+++ DATASET

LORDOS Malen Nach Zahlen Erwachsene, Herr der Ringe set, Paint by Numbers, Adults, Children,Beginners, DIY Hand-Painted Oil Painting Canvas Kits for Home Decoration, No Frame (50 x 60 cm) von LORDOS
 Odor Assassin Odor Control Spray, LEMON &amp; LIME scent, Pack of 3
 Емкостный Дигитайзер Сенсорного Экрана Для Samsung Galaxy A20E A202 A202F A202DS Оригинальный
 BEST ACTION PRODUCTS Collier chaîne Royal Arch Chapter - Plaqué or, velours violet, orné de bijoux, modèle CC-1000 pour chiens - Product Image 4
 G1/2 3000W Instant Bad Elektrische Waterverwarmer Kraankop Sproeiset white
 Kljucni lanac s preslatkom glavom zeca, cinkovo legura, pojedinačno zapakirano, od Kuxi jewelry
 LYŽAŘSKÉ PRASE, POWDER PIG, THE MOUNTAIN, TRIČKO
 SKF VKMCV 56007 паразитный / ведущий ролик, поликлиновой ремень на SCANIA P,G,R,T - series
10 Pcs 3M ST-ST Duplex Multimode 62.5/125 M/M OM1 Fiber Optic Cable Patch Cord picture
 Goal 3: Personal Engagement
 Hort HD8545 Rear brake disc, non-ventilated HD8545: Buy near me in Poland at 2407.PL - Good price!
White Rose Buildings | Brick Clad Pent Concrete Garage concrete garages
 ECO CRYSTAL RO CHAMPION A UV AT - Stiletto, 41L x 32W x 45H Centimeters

++++++

DIRECTIONS:
Return only those lines that run from the one containing "White Rose Buildings" through the end of the entries, keeping each exactly as written.

EXPECTED ANSWER:
White Rose Buildings | Brick Clad Pent Concrete Garage concrete garages
 ECO CRYSTAL RO CHAMPION A UV AT - Stiletto, 41L x 32W x 45H Centimeters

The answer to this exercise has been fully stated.